** EXERCISE DETAILS **
Once the line with "Mike Tyson vs" is found in the entries below, print it and each following line exactly, stopping after the line with "Flying Crispy Chips"; print nothing else.

** EXCERPTED DATA **
*****

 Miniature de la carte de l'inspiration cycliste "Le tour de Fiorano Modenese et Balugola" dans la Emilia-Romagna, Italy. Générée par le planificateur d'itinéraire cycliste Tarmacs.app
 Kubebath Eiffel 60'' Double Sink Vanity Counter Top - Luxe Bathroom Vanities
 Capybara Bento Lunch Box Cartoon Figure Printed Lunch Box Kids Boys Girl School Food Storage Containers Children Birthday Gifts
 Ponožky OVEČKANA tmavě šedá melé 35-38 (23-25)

*****

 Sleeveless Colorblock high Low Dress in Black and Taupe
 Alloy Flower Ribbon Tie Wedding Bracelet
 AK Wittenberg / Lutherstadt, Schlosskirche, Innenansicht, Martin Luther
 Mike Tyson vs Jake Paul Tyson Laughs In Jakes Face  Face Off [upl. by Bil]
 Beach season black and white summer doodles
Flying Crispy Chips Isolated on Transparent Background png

*****

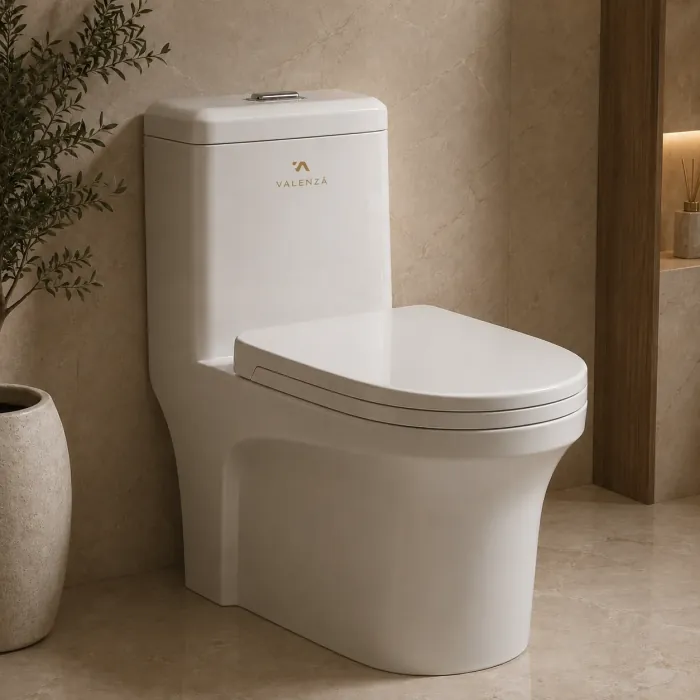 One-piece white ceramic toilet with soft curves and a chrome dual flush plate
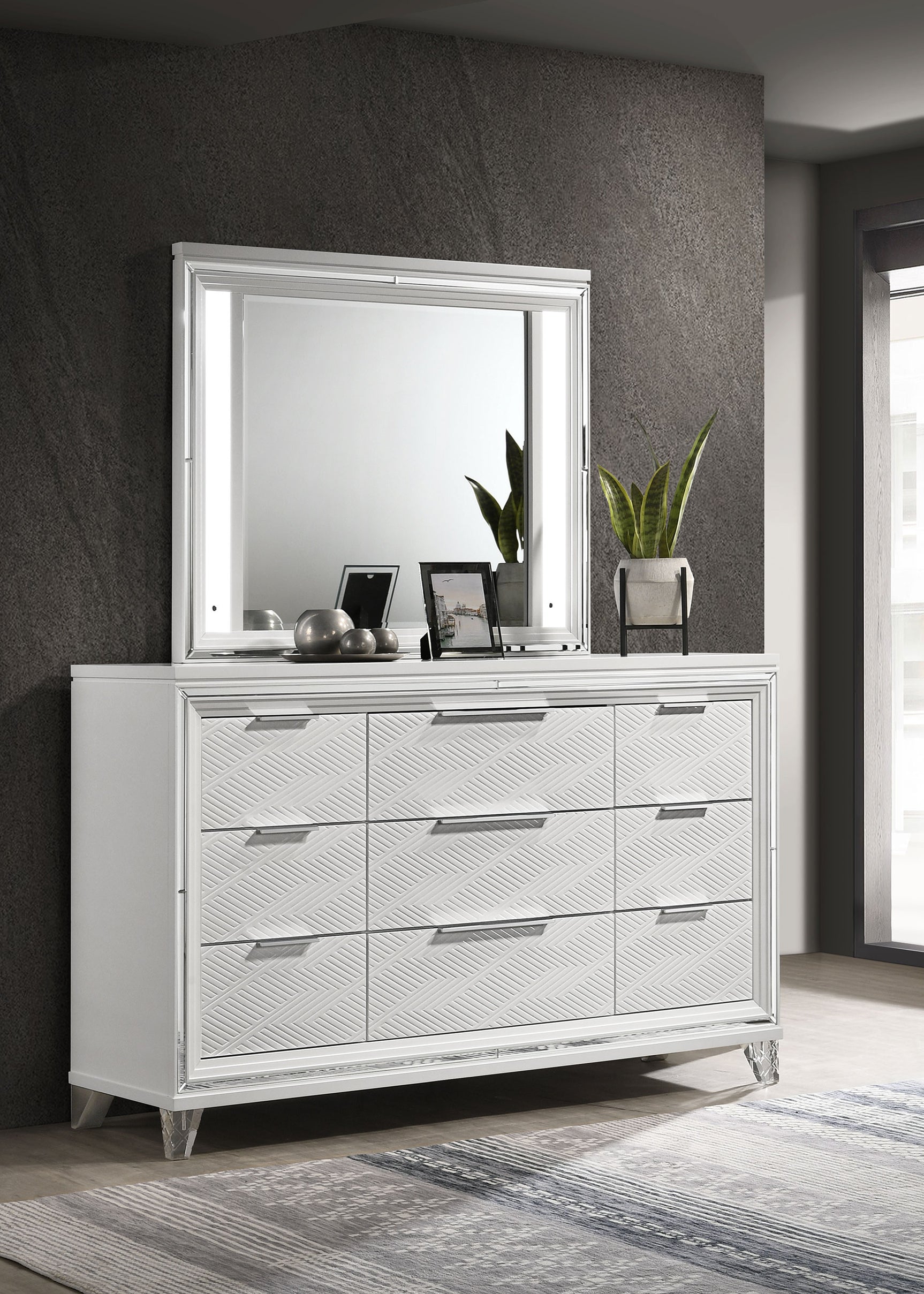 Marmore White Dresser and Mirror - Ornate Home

*****

** RESPONSE TO THE TASK **
 Mike Tyson vs Jake Paul Tyson Laughs In Jakes Face  Face Off [upl. by Bil]
 Beach season black and white summer doodles
Flying Crispy Chips Isolated on Transparent Background png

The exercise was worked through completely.